> Input for this task

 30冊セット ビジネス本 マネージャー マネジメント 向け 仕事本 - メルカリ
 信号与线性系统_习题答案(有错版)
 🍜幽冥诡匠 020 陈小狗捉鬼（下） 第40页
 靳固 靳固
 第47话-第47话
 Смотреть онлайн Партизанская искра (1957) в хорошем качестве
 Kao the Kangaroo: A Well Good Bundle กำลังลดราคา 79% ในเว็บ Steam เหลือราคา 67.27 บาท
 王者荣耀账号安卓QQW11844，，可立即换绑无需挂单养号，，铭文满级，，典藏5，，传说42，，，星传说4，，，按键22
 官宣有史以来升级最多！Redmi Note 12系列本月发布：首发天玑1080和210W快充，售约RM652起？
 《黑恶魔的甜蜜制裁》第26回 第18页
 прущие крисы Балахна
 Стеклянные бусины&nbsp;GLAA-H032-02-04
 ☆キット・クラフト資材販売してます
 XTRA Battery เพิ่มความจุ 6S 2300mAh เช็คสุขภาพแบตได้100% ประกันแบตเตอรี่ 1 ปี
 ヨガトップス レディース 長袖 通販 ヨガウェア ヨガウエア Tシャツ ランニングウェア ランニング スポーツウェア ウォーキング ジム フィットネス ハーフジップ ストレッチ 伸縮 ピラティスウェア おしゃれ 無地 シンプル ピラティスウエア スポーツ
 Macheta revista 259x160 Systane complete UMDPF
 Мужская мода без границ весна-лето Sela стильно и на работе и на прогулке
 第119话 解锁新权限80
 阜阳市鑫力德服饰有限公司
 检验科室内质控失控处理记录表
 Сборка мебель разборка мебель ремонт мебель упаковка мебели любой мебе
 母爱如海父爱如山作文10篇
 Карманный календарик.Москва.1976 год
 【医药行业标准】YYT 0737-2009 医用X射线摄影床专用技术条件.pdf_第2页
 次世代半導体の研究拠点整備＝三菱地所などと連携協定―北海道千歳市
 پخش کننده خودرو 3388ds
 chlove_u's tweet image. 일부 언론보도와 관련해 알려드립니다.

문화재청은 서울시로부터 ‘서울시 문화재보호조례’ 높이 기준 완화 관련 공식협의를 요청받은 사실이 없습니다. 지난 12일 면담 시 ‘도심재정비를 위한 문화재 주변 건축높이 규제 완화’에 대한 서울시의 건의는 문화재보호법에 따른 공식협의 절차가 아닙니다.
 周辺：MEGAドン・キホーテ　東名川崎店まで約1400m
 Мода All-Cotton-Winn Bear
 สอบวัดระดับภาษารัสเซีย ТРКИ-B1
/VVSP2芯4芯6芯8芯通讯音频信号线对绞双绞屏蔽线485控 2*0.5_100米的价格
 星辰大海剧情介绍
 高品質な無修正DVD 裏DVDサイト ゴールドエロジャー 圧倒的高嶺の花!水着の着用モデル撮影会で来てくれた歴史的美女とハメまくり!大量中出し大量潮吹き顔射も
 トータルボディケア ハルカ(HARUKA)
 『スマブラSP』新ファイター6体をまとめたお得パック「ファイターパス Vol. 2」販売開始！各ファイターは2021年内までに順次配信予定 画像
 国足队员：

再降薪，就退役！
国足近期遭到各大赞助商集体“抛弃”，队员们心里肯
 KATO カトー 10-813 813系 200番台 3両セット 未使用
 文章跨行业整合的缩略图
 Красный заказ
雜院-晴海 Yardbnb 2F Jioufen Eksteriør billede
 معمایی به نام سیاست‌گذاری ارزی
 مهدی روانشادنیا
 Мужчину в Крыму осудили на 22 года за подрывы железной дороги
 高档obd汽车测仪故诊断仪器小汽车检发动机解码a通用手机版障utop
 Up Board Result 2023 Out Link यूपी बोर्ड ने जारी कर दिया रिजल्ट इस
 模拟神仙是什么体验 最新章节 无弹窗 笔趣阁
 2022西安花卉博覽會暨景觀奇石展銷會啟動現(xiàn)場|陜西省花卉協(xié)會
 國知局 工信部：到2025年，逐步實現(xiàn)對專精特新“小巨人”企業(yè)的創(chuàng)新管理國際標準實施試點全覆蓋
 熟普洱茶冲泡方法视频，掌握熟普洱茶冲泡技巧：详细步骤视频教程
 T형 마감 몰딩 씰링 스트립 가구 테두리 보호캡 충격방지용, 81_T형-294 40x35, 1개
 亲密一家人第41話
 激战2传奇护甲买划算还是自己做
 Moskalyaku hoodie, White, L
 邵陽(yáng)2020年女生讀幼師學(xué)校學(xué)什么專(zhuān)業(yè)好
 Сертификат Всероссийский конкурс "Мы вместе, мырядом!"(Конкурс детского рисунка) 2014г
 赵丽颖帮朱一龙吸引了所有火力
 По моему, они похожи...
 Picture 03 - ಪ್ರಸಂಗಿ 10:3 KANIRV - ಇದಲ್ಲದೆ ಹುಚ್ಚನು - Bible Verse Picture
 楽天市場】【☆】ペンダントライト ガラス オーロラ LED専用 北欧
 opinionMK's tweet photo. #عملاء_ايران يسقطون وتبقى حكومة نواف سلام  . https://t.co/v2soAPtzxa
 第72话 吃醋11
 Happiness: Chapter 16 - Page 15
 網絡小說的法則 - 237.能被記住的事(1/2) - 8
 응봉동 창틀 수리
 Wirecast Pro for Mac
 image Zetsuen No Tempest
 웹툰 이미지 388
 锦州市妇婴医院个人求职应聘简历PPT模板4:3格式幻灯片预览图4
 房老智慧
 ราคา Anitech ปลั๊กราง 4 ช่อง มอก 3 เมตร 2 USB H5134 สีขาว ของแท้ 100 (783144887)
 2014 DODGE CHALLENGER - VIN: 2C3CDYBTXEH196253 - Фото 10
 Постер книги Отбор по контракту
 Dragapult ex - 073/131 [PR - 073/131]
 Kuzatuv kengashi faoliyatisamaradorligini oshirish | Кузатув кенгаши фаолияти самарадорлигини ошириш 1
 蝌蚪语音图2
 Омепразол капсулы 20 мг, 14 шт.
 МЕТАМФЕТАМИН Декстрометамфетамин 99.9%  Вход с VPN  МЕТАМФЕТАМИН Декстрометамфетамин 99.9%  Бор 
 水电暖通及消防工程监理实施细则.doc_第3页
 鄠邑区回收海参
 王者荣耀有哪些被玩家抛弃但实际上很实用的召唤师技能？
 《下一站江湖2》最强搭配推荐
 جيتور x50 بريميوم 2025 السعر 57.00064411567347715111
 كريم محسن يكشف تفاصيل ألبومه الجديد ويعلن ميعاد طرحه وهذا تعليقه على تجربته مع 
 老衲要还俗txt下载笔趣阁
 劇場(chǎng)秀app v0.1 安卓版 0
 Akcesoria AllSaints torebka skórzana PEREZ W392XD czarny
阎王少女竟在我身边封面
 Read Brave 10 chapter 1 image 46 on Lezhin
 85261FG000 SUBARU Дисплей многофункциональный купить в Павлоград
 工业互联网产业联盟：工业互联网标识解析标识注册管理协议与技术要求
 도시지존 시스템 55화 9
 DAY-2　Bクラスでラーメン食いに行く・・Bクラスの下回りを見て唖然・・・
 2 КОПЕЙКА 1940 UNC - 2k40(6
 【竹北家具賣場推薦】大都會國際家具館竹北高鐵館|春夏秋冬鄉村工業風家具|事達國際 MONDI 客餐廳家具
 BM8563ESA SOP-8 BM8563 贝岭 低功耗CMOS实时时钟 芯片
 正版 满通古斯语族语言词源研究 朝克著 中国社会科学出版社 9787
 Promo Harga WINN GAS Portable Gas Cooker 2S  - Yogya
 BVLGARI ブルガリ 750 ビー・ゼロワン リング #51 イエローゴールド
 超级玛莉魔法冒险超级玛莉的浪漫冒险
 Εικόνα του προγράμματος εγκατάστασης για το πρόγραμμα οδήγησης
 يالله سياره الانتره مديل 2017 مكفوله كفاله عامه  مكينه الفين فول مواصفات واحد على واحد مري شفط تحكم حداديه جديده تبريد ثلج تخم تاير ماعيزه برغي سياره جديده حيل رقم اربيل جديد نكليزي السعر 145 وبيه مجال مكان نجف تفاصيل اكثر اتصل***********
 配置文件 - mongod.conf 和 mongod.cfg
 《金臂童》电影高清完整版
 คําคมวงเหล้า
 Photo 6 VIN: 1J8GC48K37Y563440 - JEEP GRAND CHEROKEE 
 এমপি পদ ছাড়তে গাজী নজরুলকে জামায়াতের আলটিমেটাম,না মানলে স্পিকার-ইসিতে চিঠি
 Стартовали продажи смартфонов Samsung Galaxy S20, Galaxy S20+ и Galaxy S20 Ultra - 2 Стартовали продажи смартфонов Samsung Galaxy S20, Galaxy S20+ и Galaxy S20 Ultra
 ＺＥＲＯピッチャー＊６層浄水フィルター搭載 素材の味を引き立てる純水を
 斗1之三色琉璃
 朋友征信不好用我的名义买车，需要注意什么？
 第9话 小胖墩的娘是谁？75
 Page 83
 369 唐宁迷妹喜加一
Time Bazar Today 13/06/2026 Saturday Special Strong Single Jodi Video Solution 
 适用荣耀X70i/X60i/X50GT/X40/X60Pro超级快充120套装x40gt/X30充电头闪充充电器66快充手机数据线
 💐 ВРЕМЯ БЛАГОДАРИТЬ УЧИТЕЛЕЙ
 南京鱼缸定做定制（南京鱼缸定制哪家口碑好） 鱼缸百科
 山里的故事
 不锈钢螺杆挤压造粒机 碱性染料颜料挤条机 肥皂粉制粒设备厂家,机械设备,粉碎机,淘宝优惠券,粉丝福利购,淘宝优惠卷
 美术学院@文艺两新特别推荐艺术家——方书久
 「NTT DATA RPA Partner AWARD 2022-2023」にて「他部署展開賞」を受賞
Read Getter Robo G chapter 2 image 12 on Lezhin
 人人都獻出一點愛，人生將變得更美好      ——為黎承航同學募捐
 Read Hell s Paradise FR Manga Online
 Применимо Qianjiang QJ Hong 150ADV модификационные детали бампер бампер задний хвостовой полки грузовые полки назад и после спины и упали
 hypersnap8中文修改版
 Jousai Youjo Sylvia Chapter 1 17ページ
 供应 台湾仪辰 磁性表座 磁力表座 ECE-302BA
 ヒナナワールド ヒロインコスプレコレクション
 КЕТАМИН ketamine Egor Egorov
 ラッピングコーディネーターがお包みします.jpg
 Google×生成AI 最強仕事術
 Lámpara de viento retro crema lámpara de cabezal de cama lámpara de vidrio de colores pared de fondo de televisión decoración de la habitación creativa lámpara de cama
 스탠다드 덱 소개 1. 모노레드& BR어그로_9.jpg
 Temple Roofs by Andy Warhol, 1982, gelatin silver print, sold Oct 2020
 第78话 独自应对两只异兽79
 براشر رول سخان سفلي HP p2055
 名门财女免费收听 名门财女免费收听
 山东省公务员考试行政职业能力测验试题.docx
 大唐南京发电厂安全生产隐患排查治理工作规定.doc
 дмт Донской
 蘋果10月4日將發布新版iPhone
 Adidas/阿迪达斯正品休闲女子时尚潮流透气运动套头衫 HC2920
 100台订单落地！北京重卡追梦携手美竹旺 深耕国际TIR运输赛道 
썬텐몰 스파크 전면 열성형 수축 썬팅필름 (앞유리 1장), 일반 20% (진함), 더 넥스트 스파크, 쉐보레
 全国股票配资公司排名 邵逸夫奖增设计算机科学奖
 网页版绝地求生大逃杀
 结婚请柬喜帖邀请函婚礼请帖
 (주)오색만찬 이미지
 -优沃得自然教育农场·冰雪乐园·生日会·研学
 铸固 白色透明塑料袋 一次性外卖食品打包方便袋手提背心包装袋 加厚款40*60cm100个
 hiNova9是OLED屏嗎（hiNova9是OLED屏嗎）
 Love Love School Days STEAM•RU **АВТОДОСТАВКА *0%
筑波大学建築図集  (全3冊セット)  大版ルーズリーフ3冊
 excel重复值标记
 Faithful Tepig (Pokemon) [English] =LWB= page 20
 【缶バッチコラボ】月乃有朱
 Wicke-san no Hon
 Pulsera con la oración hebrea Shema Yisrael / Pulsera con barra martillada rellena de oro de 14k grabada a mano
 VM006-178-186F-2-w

> What you should do
In restating the data, begin at its first line, reproduce each line word for word, and conclude with the line that contains "Красный заказ".

> Finished exercise
 30冊セット ビジネス本 マネージャー マネジメント 向け 仕事本 - メルカリ
 信号与线性系统_习题答案(有错版)
 🍜幽冥诡匠 020 陈小狗捉鬼（下） 第40页
 靳固 靳固
 第47话-第47话
 Смотреть онлайн Партизанская искра (1957) в хорошем качестве
 Kao the Kangaroo: A Well Good Bundle กำลังลดราคา 79% ในเว็บ Steam เหลือราคา 67.27 บาท
 王者荣耀账号安卓QQW11844，，可立即换绑无需挂单养号，，铭文满级，，典藏5，，传说42，，，星传说4，，，按键22
 官宣有史以来升级最多！Redmi Note 12系列本月发布：首发天玑1080和210W快充，售约RM652起？
 《黑恶魔的甜蜜制裁》第26回 第18页
 прущие крисы Балахна
 Стеклянные бусины&nbsp;GLAA-H032-02-04
 ☆キット・クラフト資材販売してます
 XTRA Battery เพิ่มความจุ 6S 2300mAh เช็คสุขภาพแบตได้100% ประกันแบตเตอรี่ 1 ปี
 ヨガトップス レディース 長袖 通販 ヨガウェア ヨガウエア Tシャツ ランニングウェア ランニング スポーツウェア ウォーキング ジム フィットネス ハーフジップ ストレッチ 伸縮 ピラティスウェア おしゃれ 無地 シンプル ピラティスウエア スポーツ
 Macheta revista 259x160 Systane complete UMDPF
 Мужская мода без границ весна-лето Sela стильно и на работе и на прогулке
 第119话 解锁新权限80
 阜阳市鑫力德服饰有限公司
 检验科室内质控失控处理记录表
 Сборка мебель разборка мебель ремонт мебель упаковка мебели любой мебе
 母爱如海父爱如山作文10篇
 Карманный календарик.Москва.1976 год
 【医药行业标准】YYT 0737-2009 医用X射线摄影床专用技术条件.pdf_第2页
 次世代半導体の研究拠点整備＝三菱地所などと連携協定―北海道千歳市
 پخش کننده خودرو 3388ds
 chlove_u's tweet image. 일부 언론보도와 관련해 알려드립니다.

문화재청은 서울시로부터 ‘서울시 문화재보호조례’ 높이 기준 완화 관련 공식협의를 요청받은 사실이 없습니다. 지난 12일 면담 시 ‘도심재정비를 위한 문화재 주변 건축높이 규제 완화’에 대한 서울시의 건의는 문화재보호법에 따른 공식협의 절차가 아닙니다.
 周辺：MEGAドン・キホーテ　東名川崎店まで約1400m
 Мода All-Cotton-Winn Bear
 สอบวัดระดับภาษารัสเซีย ТРКИ-B1
/VVSP2芯4芯6芯8芯通讯音频信号线对绞双绞屏蔽线485控 2*0.5_100米的价格
 星辰大海剧情介绍
 高品質な無修正DVD 裏DVDサイト ゴールドエロジャー 圧倒的高嶺の花!水着の着用モデル撮影会で来てくれた歴史的美女とハメまくり!大量中出し大量潮吹き顔射も
 トータルボディケア ハルカ(HARUKA)
 『スマブラSP』新ファイター6体をまとめたお得パック「ファイターパス Vol. 2」販売開始！各ファイターは2021年内までに順次配信予定 画像
 国足队员：

再降薪，就退役！
国足近期遭到各大赞助商集体“抛弃”，队员们心里肯
 KATO カトー 10-813 813系 200番台 3両セット 未使用
 文章跨行业整合的缩略图
 Красный заказ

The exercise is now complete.